Robert Longo (*1953, Brooklyn) is known for his monumental hyperrealistic works: powerful, dynamic charcoal drawings whose virtuoso technique and the visual force of the motifs mesmerize the observer.
For his models, Longo uses photographs that record dramatic situations at the moment of their greatest tension. The artist is concerned here with the depiction of power—in nature, politics, history. He utilizes visual material that has been reproduced thousands of times, and which has long been a part of pop culture, of our collective visual memory. Longo isolates and reduces the motifs so as to raise their visual impact to a higher power. By enlarging the subject and intensifying the lighting into a dramatic chiaroscuro, we find ourselves before gigantic, previously unseen theatrical images. Longo draws on existing images, references reality secondhand, and creates impressive “copies” of the original black-and-white photographs, which pale beside their transformation into colossal charcoal drawings.
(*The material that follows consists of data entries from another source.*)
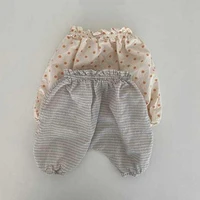 2022 new baby loose casual pants fashion infant girl dot trousers toddler boy harem pants cotton baby pants infant clothes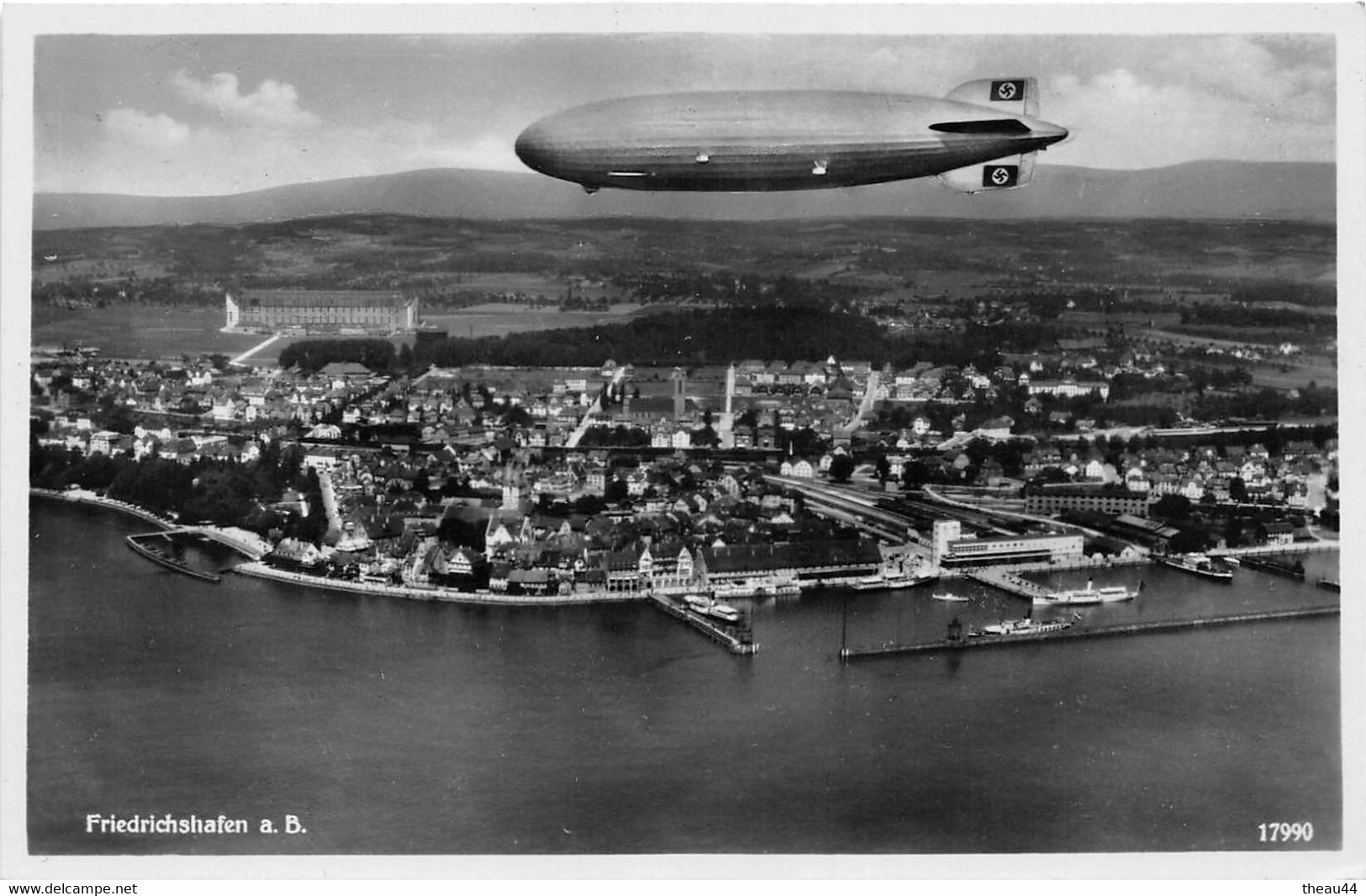 ¤¤  - ALLEMAGNE  -  FRIEDRICHSHAFEN  -   "  Graf ZEPPELIN " (Lufbild)  -   Dirigeable    -  ¤¤ - Bad Friedrichshall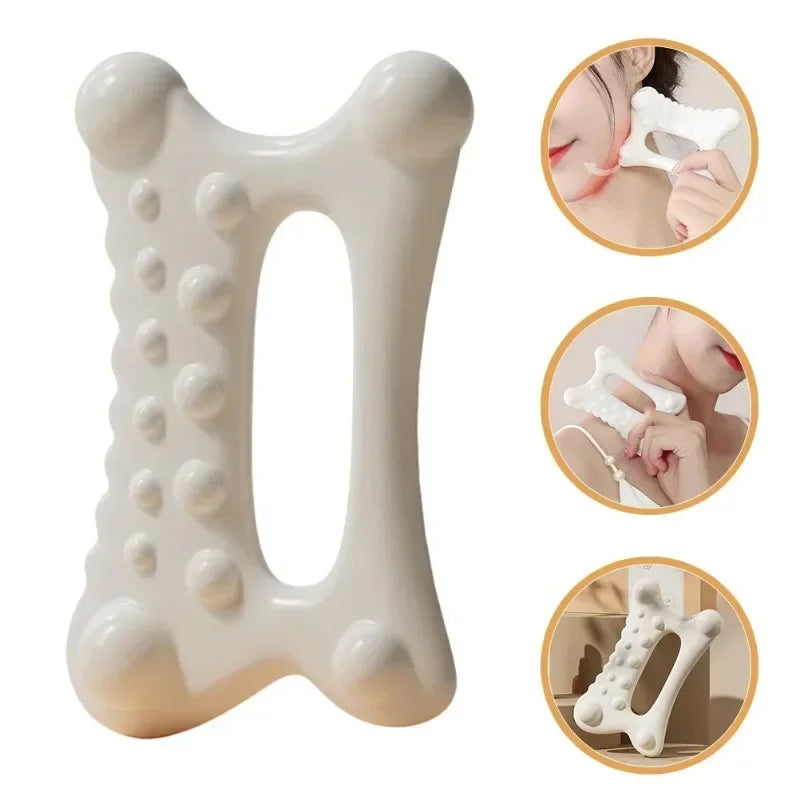 Gua Sha Facial & Body Massage Scraping Board | Resin Tool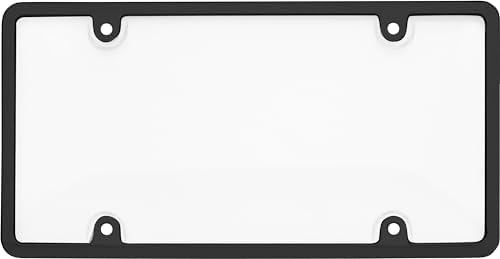 Cruiser Accessories 62051 Tuf Combo License Plate Frame, Black/Clear,1 Frame image 4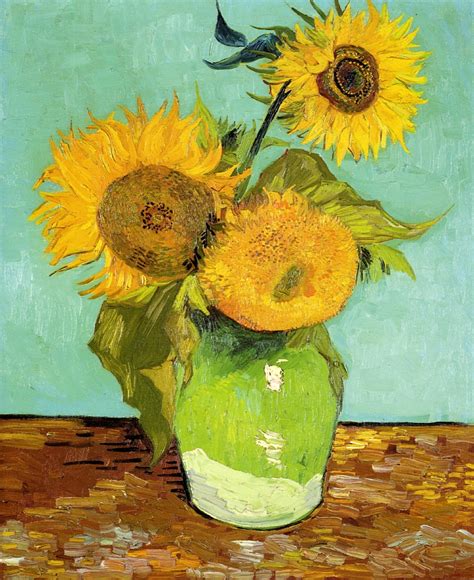 Sunflowers - Vincent van Gogh - WikiArt.org - encyclopedia of visual arts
The dramatic lighting and shadow effects of the charcoal drawings emphasize the objects’ plasticity and the spatial depth. They make the motif appear as real as it is unreal. The deep black of the charcoal rubbed into the paper swallows up all of the light. Paradoxically, Longo is ultimately capable, like no one else, of evoking brightness and radiant light, transparency, and differentiated materiality with the blackness of charcoal.